ひめがたり~いばら姫に真紅の薔薇を~



「何でも何でも思い通りになるなんて思い上がらないでよ! 例えあたしが無力だとしても、あんたに対抗できる…あたししか出来ない必殺技、持っているんだからッ!!」



『……必殺技?』



「そうよ。

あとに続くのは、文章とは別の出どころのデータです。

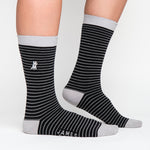 Black and gray striped mid-calf socks with a solid gray cuff, heel, and toe, featuring a small dog graphic near the ankle and the text 'JAMES BARK' near the toe, shown worn on a person’s feet.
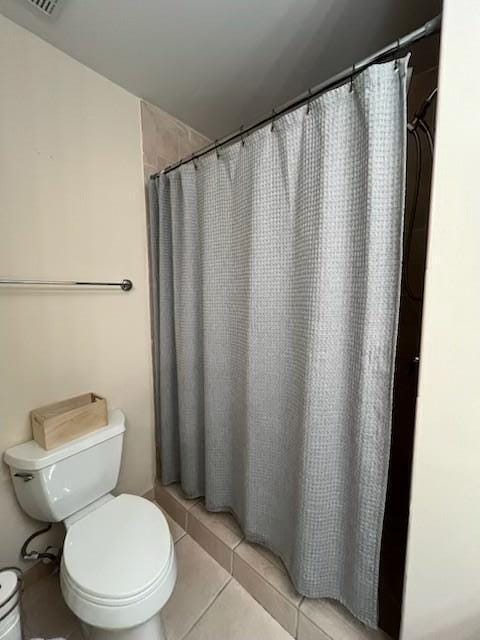 3153 Clint Moore Rd Unit 204, Boca Raton, FL 33496 - bathroom with toilet, tile patterned flooring, and a shower with curtain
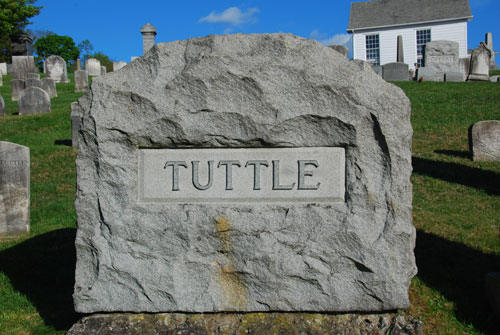 This is a fine example of a family plot, a creative rough-hewn carving. The significance of cemetery plots is shared by almost all cultures going back thousands of years. For Christians living in Rome, cemeteries served a spiritual function and special ground was set aside as holy just for the burial of remains. Today, cemeteries next to a church continue that tradition.
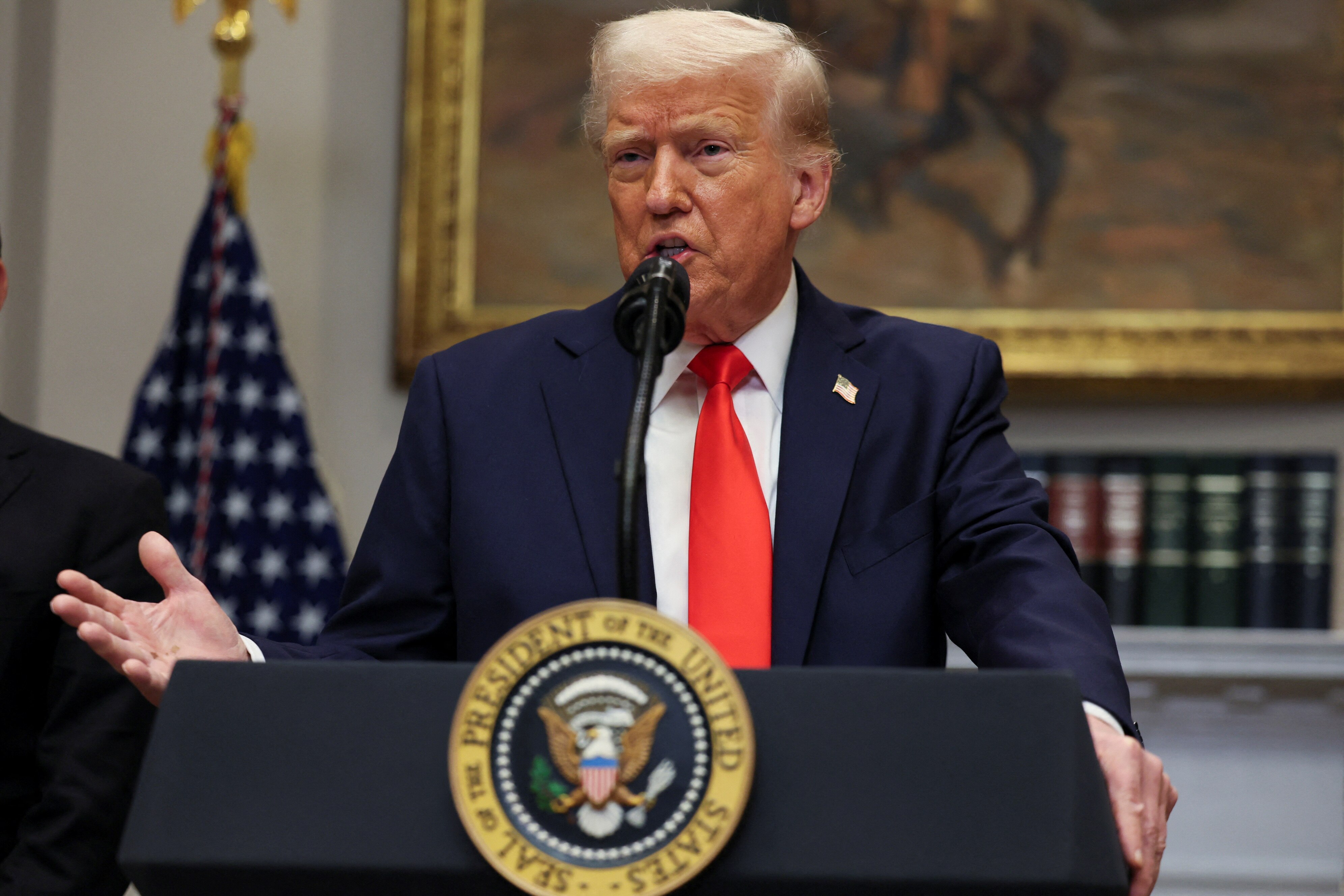 Donald Trump in a dark suit and red tie standing at a presidential lectern gesturing with his right hand in front of a US flag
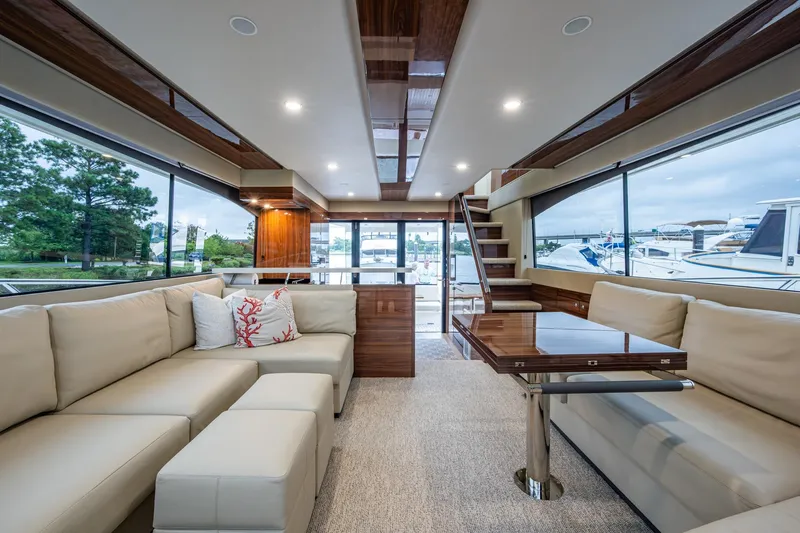 Norfolk Girl Yacht Photos Pics Luxurious interior of 2023 Maritimo M55 yacht with elegant seating and panoramic windows.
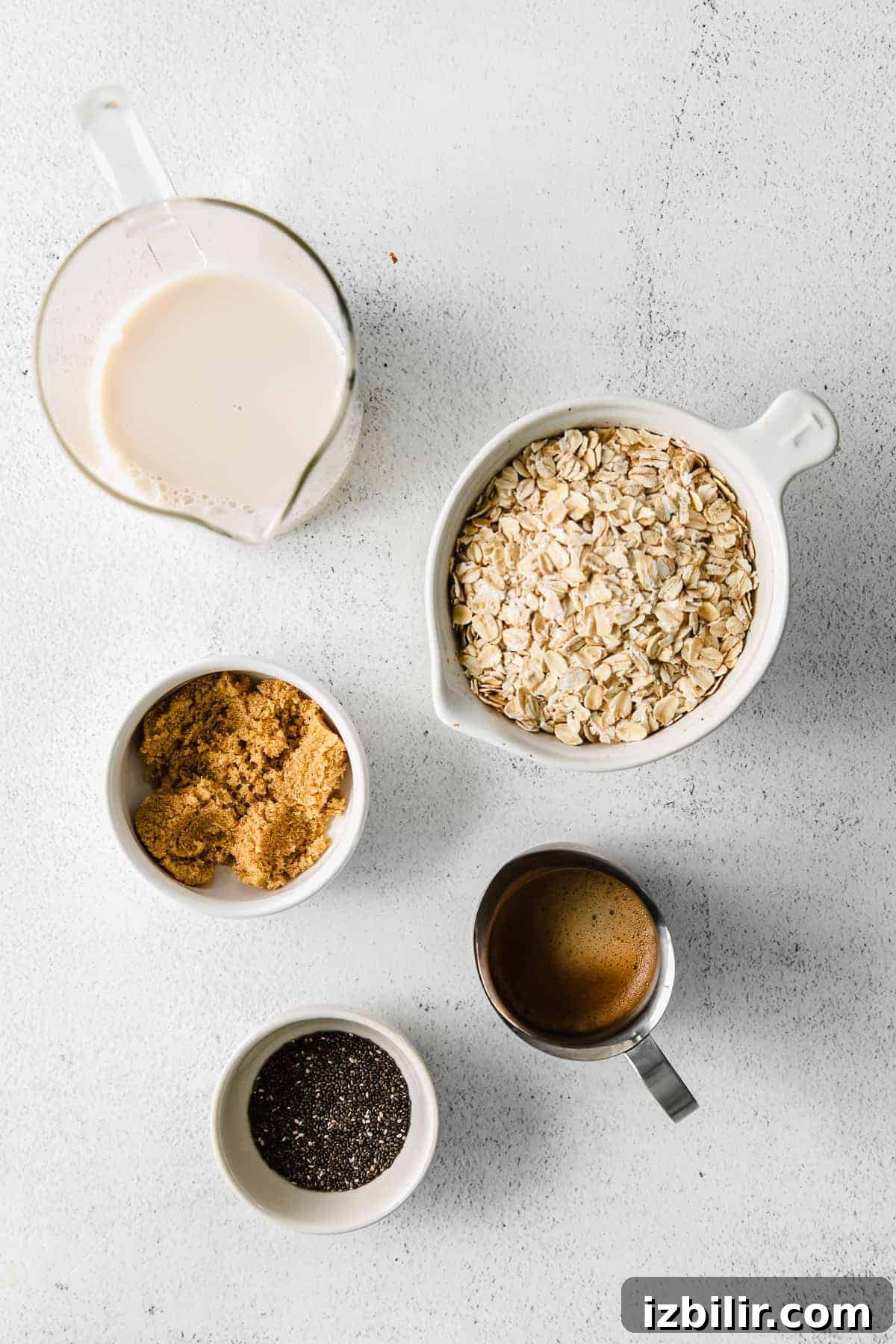 ingredients for brown sugar shaken espresso overnight oats laid out on a counter including rolled oats, brown sugar, chia seeds, almond milk, and espresso concentrate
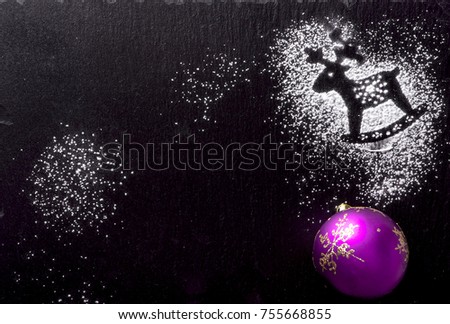 Christmas picture with deer on the snow and decoration purple toy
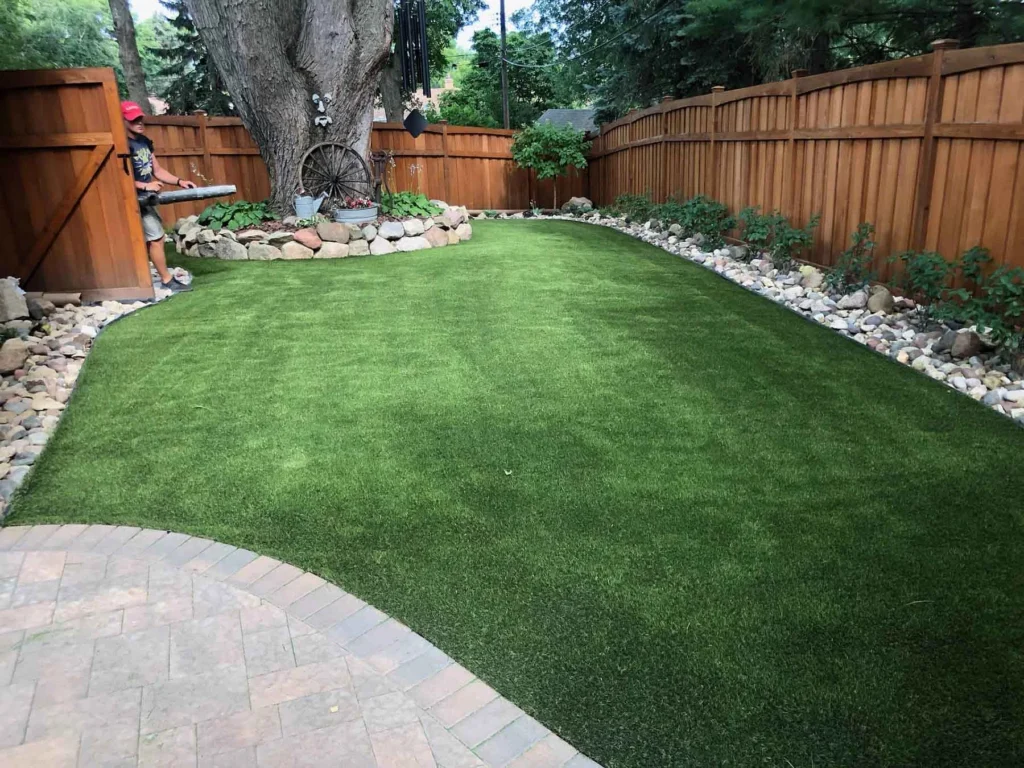 beautiful photo of an urban house with artificial turf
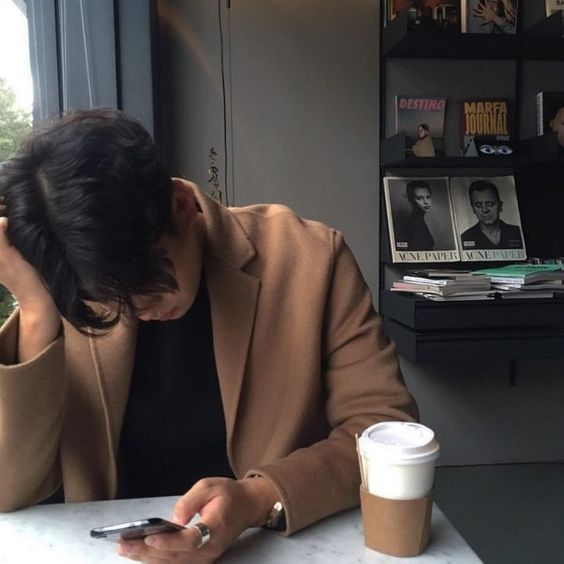 asian guy wearing a brown coat and looking at his phone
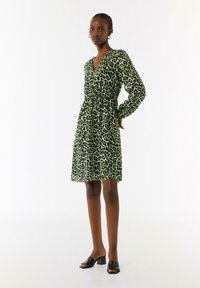 Grünes Leopardenmuster-Kleid mit langen Ärmeln, V-Ausschnitt und elastischem Taillenschnitt. Getragen mit schwarzen Absatzmules.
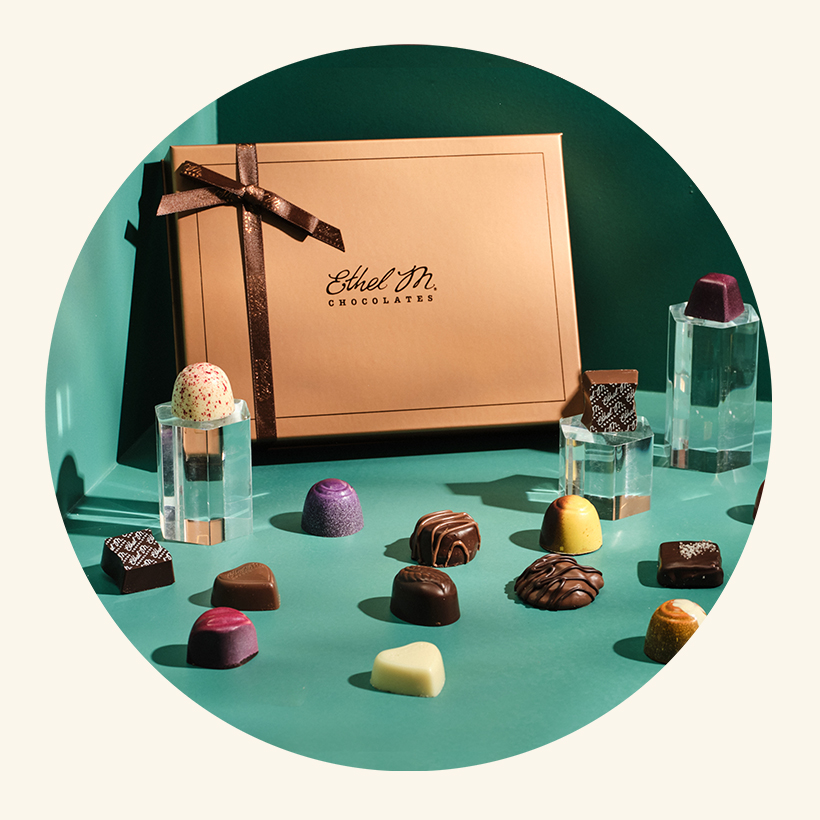 Ethel M Chocolates Custom Chocolate Box with a variety of chocolate gems placed around the box.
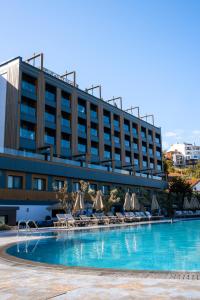 a hotel with a swimming pool with chairs and umbrellas at Sile Gonen Hotel in Şile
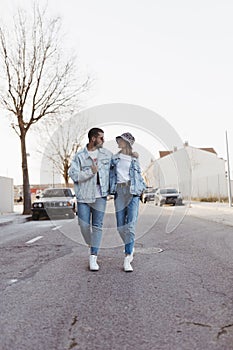 Stylish vintage young couple walking on the road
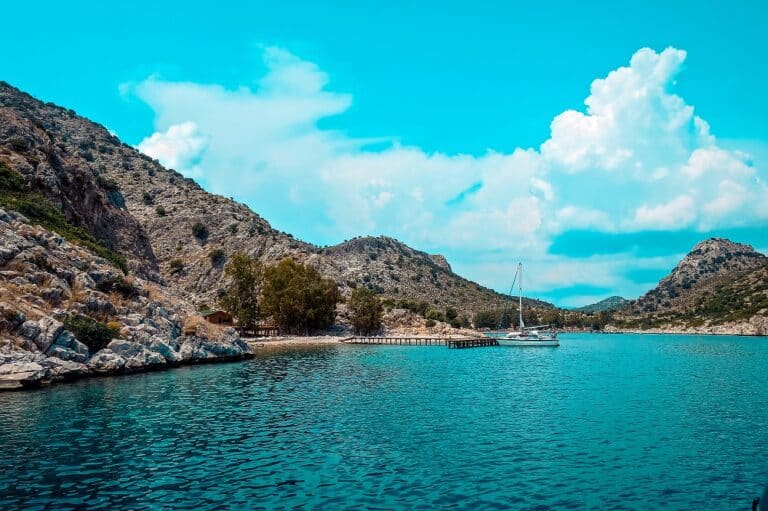 Eine ruhige Küstenszene mit einer Segelyacht, die auf ruhigem blauem Wasser in der Nähe einer felsigen Küste mit grünen Hügeln unter einem wolkenverhangenen Himmel schwimmt. Ein kleiner Holzsteg erstreckt sich vom Ufer ins Meer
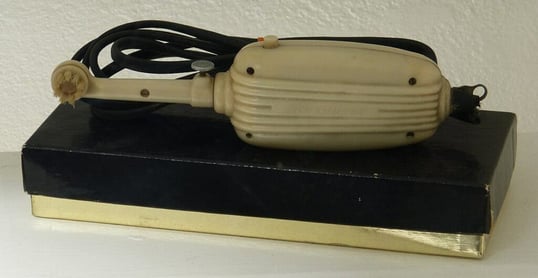 A very old electric toothbrush. The circular brush head is familiar, however the handle is big and bulky. The cable can be seen behind it.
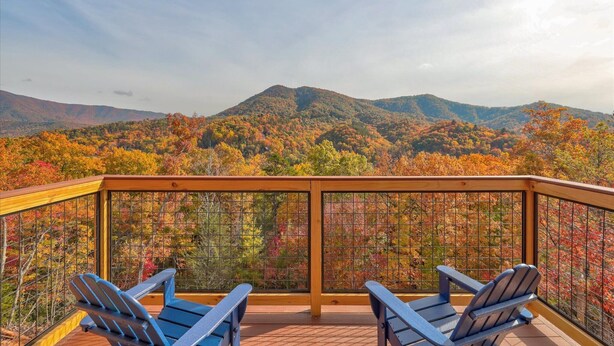 Terraza con dos sillas Adirondack con vistas a una cadena montañosa boscosa.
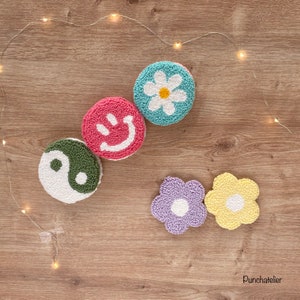 May include: Five colorful round wool punch needle wall hangings with different designs. The designs include a yin yang symbol, a smiley face, a daisy, a purple flower, and a yellow flower.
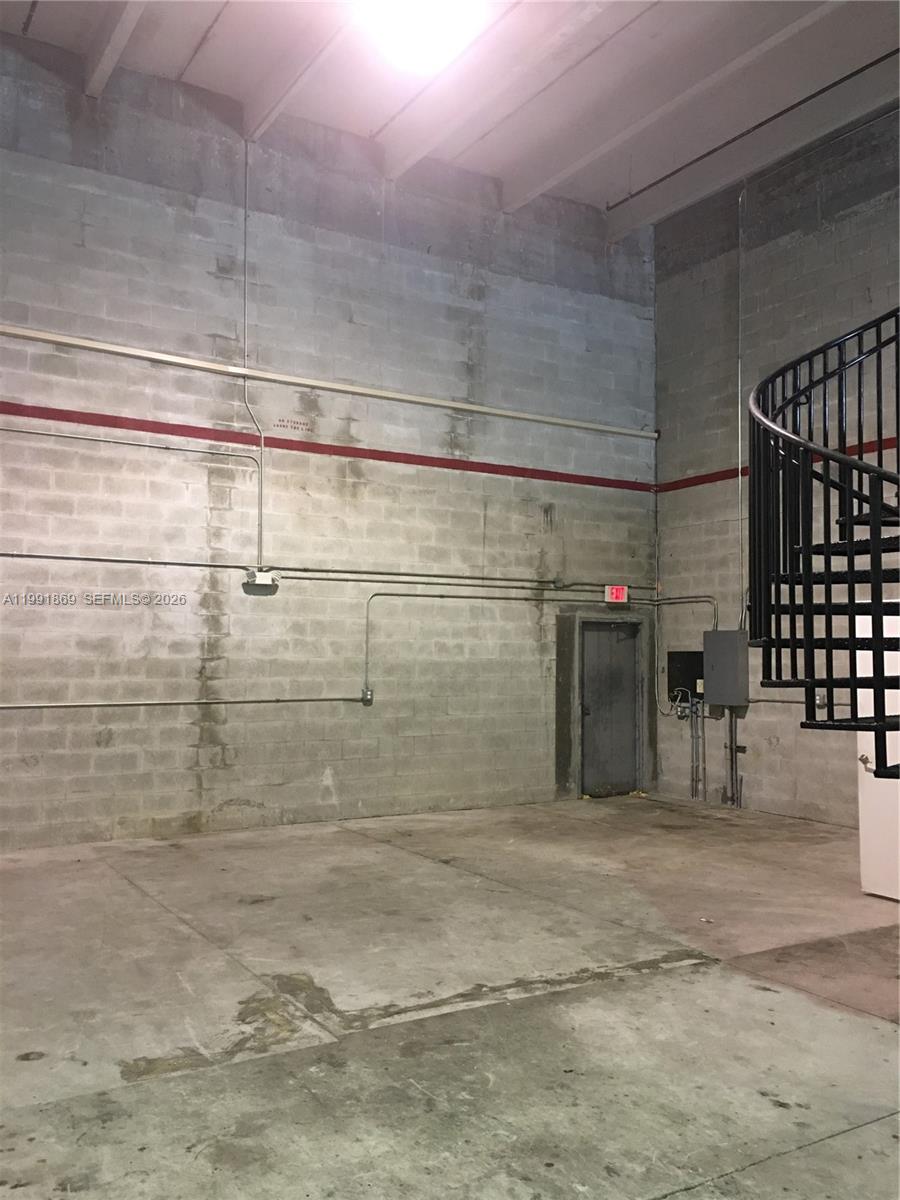 An industrial space features concrete block walls, a concrete floor, and a black spiral staircase — 2355 NW 70th Ave # 3, Miami FL 33122, MIAMI, FL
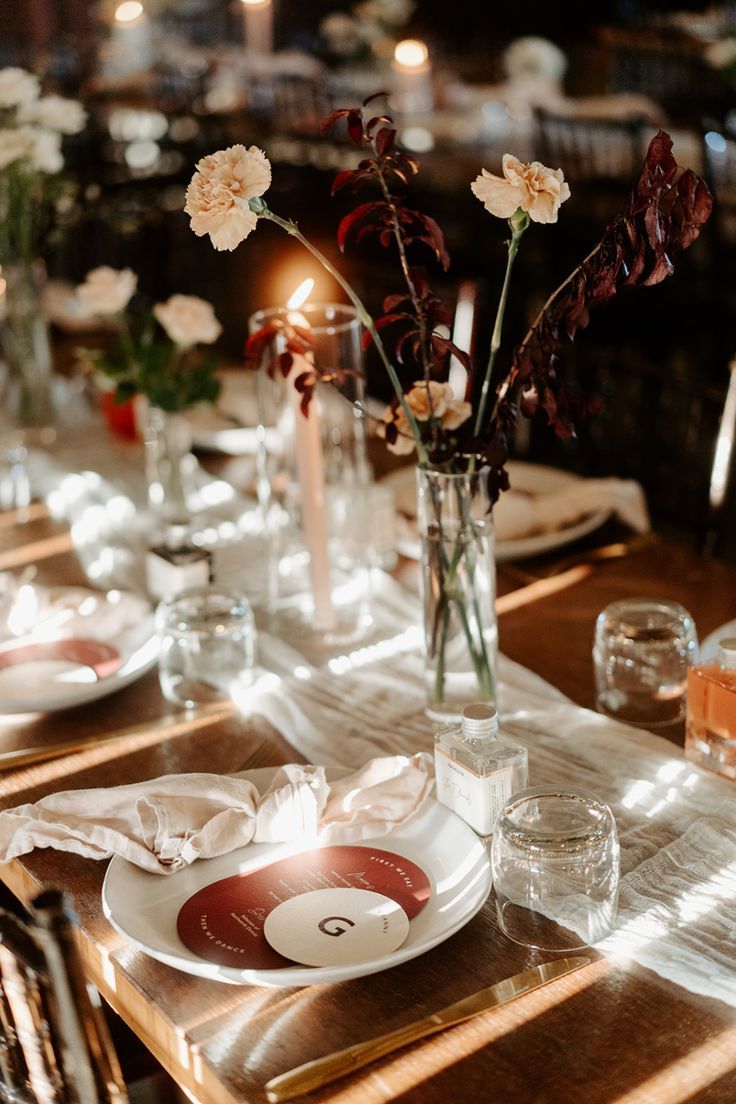 the table is set with plates, glasses and flowers in vases on top of them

東京が崩壊する暗黒の力が満つ前に、あんたが血染め石を操れない程、櫂の力を強める方法よッ!!!」



そう言うと芹霞は、


「櫂」


俺の方を見て、俺の両頬を手で挟んだ。



黒目がちな大きな目。


見る人間を惹き付けて止まないその目。


俺が…12年も魅縛され続けている目。



「櫂、今までありがとう。


――大好きだよ?」



そういうと芹霞は――



「――ッ!!?」



俺の唇に、自分の唇を押し付けたんだ。



吃驚してただ目を瞠るだけの俺に、



「櫂……。あたしを今まで護ってくれていた力で、ちゃんと皆を助けるんだよ?


藤姫さえも欲しがる、その大きな力でさ」



そう綺麗に笑うと、



「陽斗、ごめんッ!!!」


呆然として突っ立ったままの…

陽斗の手に装着されたままの鉤爪を、凄まじい速度で奪い取り、




それを――



「――ッ!!!」



自分の…心臓の位置に突き刺したんだ。